_INFORMATION SHOWN:_
══════════════════════════════

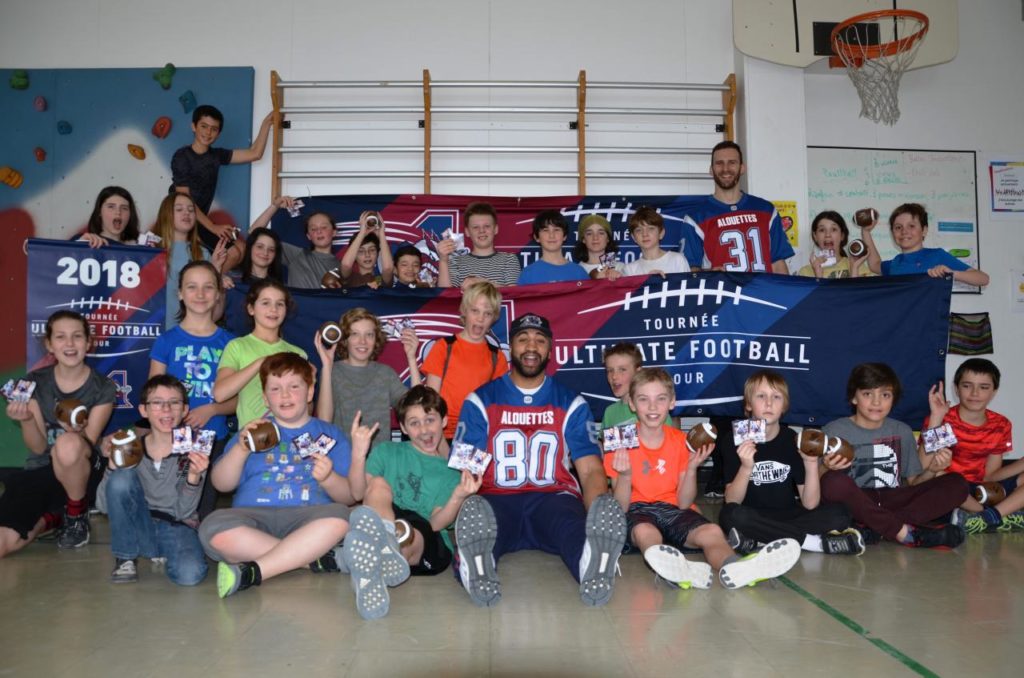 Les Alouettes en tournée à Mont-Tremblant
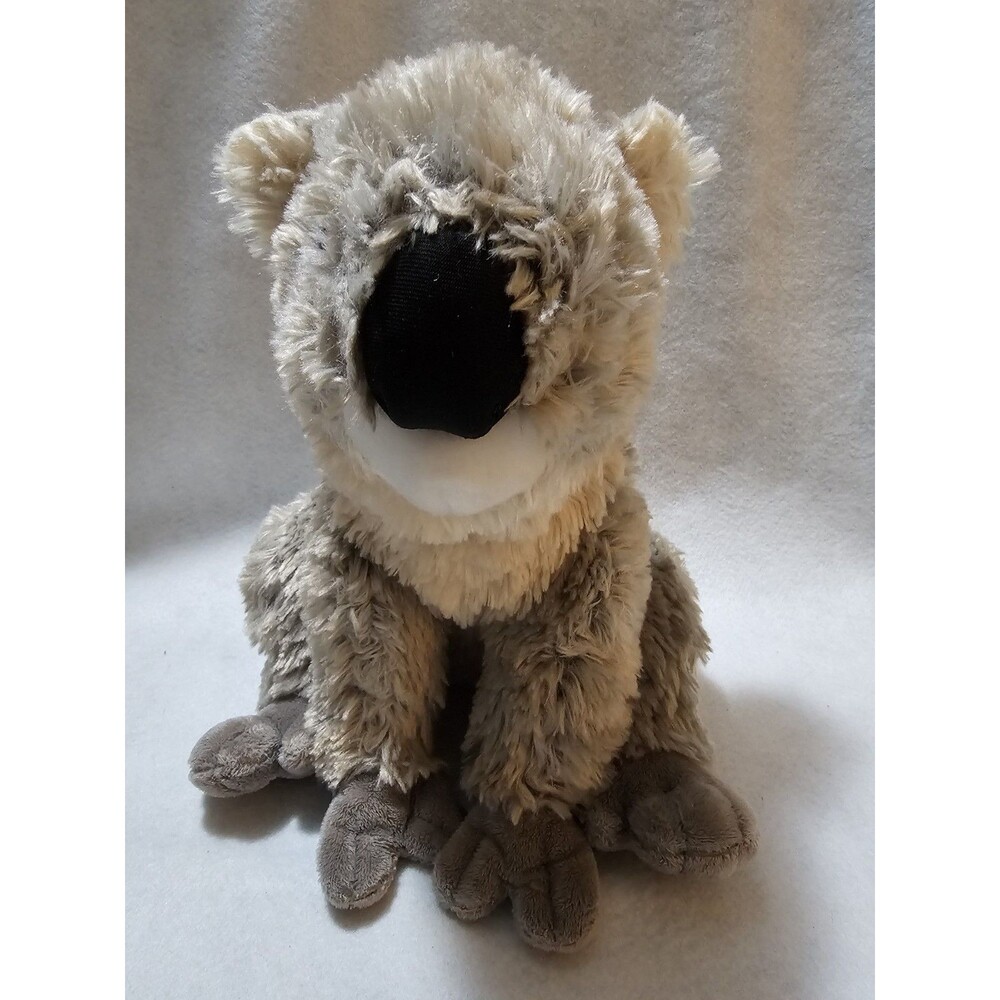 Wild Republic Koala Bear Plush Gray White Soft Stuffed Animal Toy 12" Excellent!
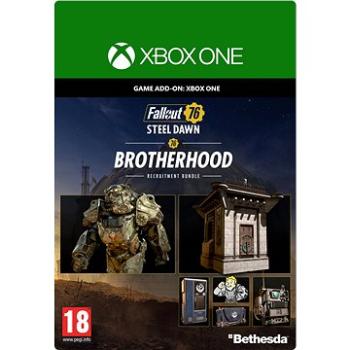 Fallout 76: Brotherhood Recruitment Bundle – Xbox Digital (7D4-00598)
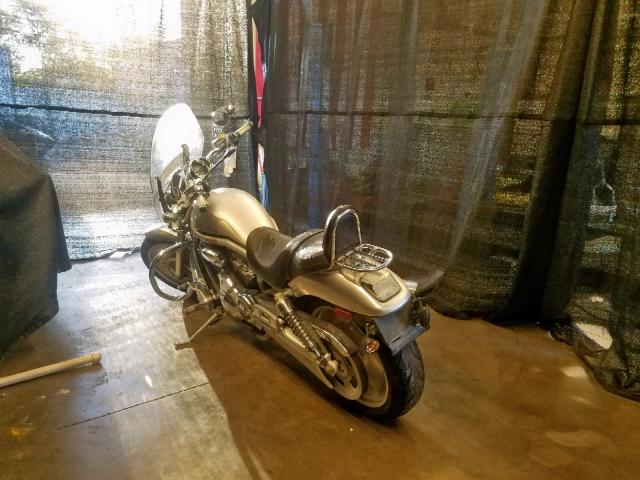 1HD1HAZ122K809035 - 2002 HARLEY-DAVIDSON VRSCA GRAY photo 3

══════════════════════════════

_WORK ORDER:_ The listing above should be transcribed word for word, with its pictures left out.

_REPLY:_
 Les Alouettes en tournée à Mont-Tremblant
 Wild Republic Koala Bear Plush Gray White Soft Stuffed Animal Toy 12" Excellent!
 Fallout 76: Brotherhood Recruitment Bundle – Xbox Digital (7D4-00598)
 1HD1HAZ122K809035 - 2002 HARLEY-DAVIDSON VRSCA GRAY photo 3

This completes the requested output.